The majority of humanity lives in an economic level that is far below that of Western democracies. Outer space holds virtually limitless amounts of energy and raw materials, which can be harvested for use both on Earth and in space. Quality of life can be improved directly by utilization of these resources and also indirectly by moving hazardous and polluting industries and/or their waste products off planet Earth.

All of these accounts combine together to present a rather rosy picture of a potential future Earth, resplendent in imported resources from space and no longer dependent on mining, burning, and clearcutting. A new frontier. There is, however, an implied downside to this. What happens we fail to pursue space resource utilization, our “only way, really, to save this planet?” Why is space resource utilization the only alternative to destruction? Is it the only alternative?

What happens we fail to pursue space resource utilization, our “only way, really, to save this planet?” Why is space resource utilization the only alternative to destruction? Is it the only alternative?

This is not the first time the space community has dealt with similar questions.
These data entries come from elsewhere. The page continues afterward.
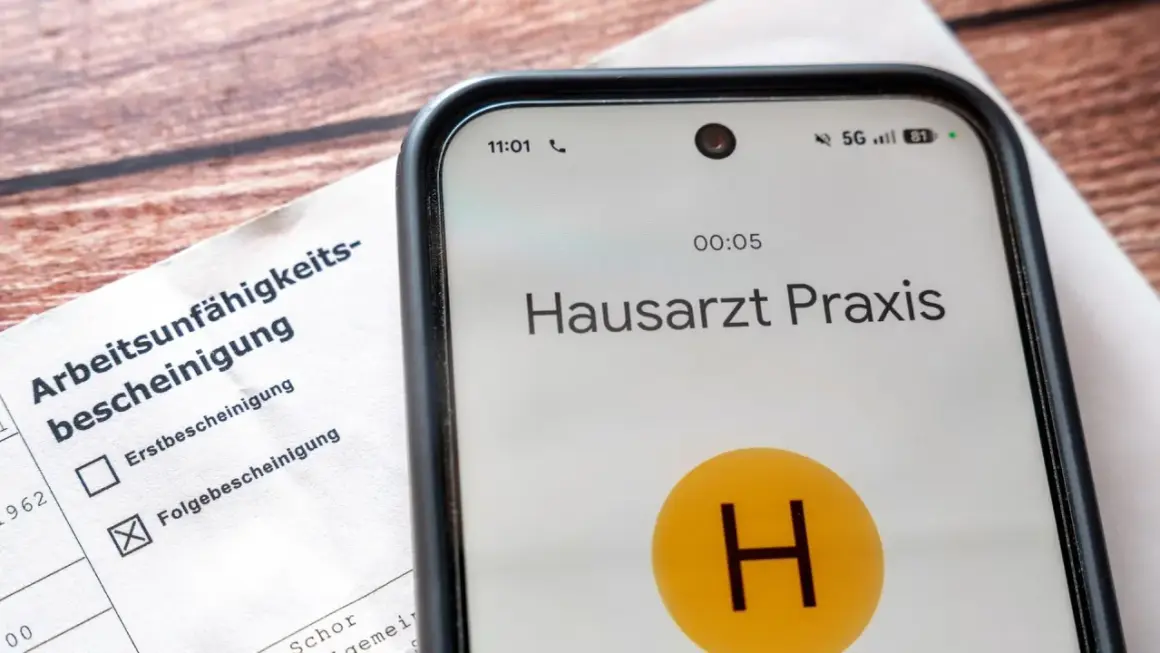 Arbeitsunfähigkeitsbescheinigung liegt bereit. Das Handy zeigt Anruf bei Hausarzt Praxis. Wichtig für Krankmeldung ab 3. Tag Gesetz.
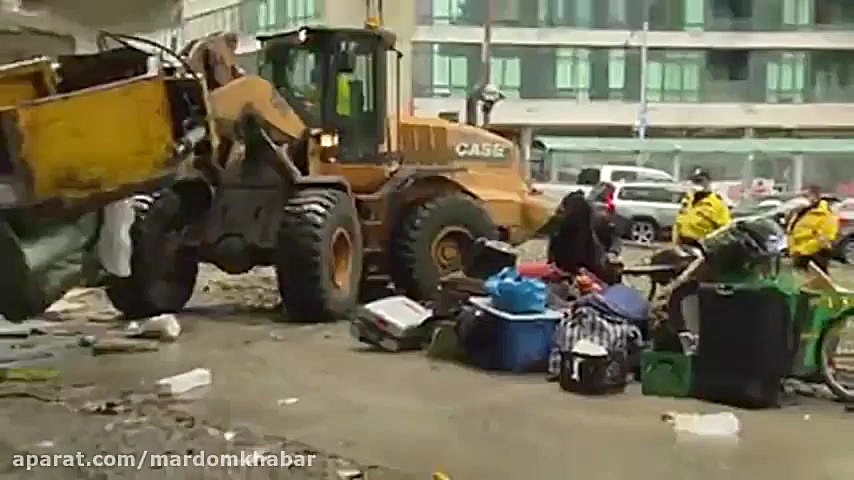 تخریب محل تجمع بی خانمانها در...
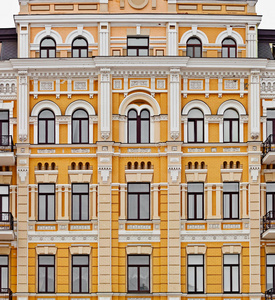 欧洲黄色建筑的外部图片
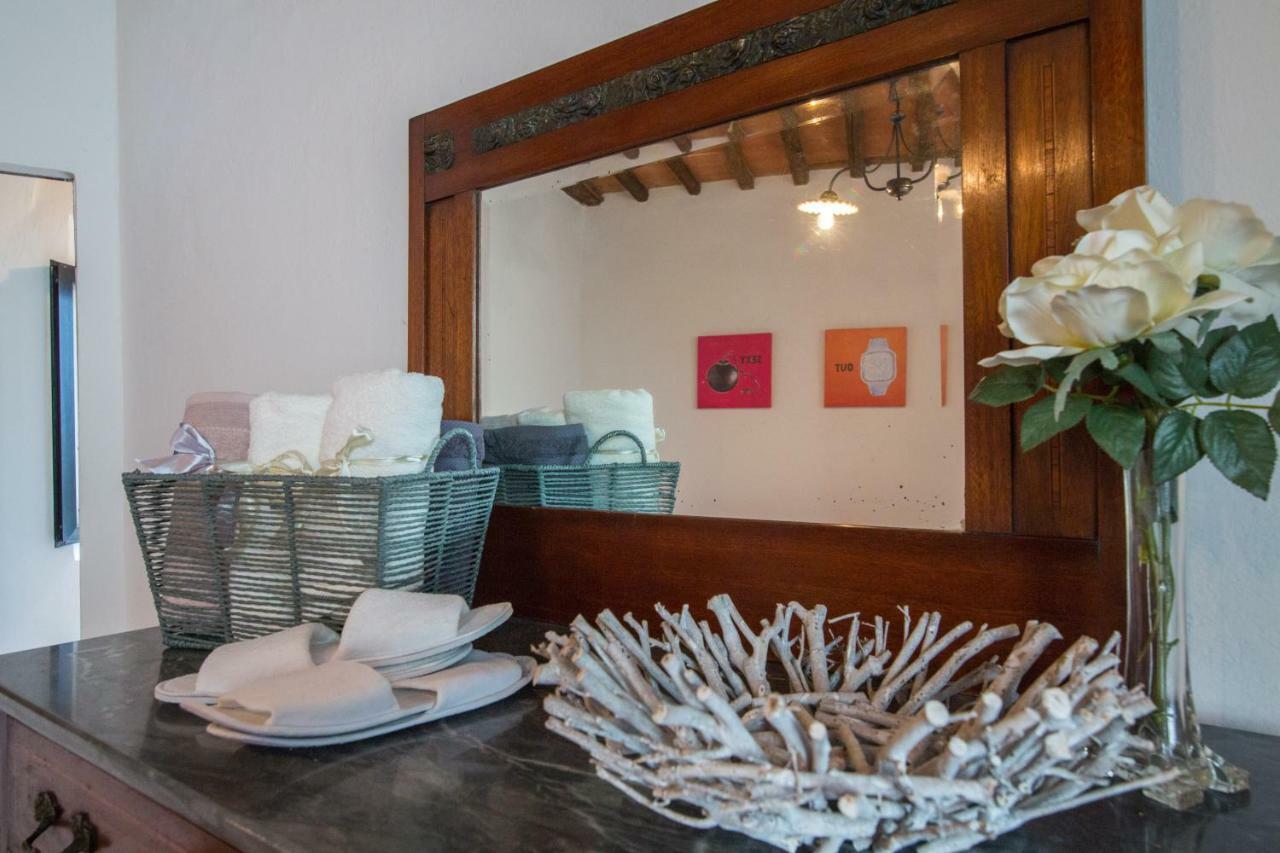 Art Rebus Tower In Tuscany Apartment Radda in Chianti Bagian luar foto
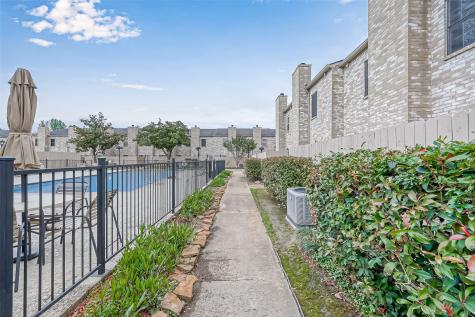 8077 El Mundo Street 8077 Houston TX 77054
As Matthew Tribbe wrote in No Requiem for the Space Age, the 1960s space race was discussed by both proponents and critics as having the potential to be a “moral equivalent of war” that could save us from nuclear holocaust. This phrase “moral equivalent of” has a long history in the field of ethics and might be useful when thinking about space resource utilization today, perhaps even more useful than the oft-employed frontier metaphor.

What is “the moral equivalent of war”?

The idea of a “moral equivalent of war” dates back to a 1906 essay by the pacifist philosopher William James. He argued that “So long as antimilitarists propose no substitute for war’s disciplinary function, no moral equivalent of war… as a rule they do fail.” War (or, more specifically, a military-like organization towards some concrete objective) provided discipline, support, and a productive, non-commercial outlet for ambitions at both the personal and societal levels. William James argued that a civil conscription service could fulfill this role, an idea that would later see implementation in New Deal programs like the Civilian Conservation Corps and the Works Progress Administration.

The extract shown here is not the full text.